**TASK OBJECTIVE**
Retype each record exactly, please. Skip none.

────

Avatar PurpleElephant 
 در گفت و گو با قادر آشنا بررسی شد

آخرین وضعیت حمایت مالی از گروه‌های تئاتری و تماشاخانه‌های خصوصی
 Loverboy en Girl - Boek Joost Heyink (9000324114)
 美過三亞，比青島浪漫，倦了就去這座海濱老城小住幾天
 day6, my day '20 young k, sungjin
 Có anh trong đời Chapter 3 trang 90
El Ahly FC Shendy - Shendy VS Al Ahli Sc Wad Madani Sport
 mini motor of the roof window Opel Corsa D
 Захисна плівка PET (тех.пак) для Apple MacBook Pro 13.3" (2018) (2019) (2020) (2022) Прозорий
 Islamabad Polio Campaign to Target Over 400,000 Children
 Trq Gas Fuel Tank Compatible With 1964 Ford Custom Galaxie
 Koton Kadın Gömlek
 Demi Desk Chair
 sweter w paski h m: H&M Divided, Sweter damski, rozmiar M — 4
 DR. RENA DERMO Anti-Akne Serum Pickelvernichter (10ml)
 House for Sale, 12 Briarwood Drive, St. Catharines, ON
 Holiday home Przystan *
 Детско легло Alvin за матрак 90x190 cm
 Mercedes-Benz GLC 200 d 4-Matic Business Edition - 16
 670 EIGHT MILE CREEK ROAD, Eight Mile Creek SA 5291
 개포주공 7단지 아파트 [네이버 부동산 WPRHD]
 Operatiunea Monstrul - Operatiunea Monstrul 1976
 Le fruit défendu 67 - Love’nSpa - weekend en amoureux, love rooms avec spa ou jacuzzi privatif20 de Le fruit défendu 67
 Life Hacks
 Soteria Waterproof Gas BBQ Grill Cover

────

**SOLUTION TO THE PROBLEM**
Avatar PurpleElephant 
 در گفت و گو با قادر آشنا بررسی شد

آخرین وضعیت حمایت مالی از گروه‌های تئاتری و تماشاخانه‌های خصوصی
 Loverboy en Girl - Boek Joost Heyink (9000324114)
 美過三亞，比青島浪漫，倦了就去這座海濱老城小住幾天
 day6, my day '20 young k, sungjin
 Có anh trong đời Chapter 3 trang 90
El Ahly FC Shendy - Shendy VS Al Ahli Sc Wad Madani Sport
 mini motor of the roof window Opel Corsa D
 Захисна плівка PET (тех.пак) для Apple MacBook Pro 13.3" (2018) (2019) (2020) (2022) Прозорий
 Islamabad Polio Campaign to Target Over 400,000 Children
 Trq Gas Fuel Tank Compatible With 1964 Ford Custom Galaxie
 Koton Kadın Gömlek
 Demi Desk Chair
 sweter w paski h m: H&M Divided, Sweter damski, rozmiar M — 4
 DR. RENA DERMO Anti-Akne Serum Pickelvernichter (10ml)
 House for Sale, 12 Briarwood Drive, St. Catharines, ON
 Holiday home Przystan *
 Детско легло Alvin за матрак 90x190 cm
 Mercedes-Benz GLC 200 d 4-Matic Business Edition - 16
 670 EIGHT MILE CREEK ROAD, Eight Mile Creek SA 5291
 개포주공 7단지 아파트 [네이버 부동산 WPRHD]
 Operatiunea Monstrul - Operatiunea Monstrul 1976
 Le fruit défendu 67 - Love’nSpa - weekend en amoureux, love rooms avec spa ou jacuzzi privatif20 de Le fruit défendu 67
 Life Hacks
 Soteria Waterproof Gas BBQ Grill Cover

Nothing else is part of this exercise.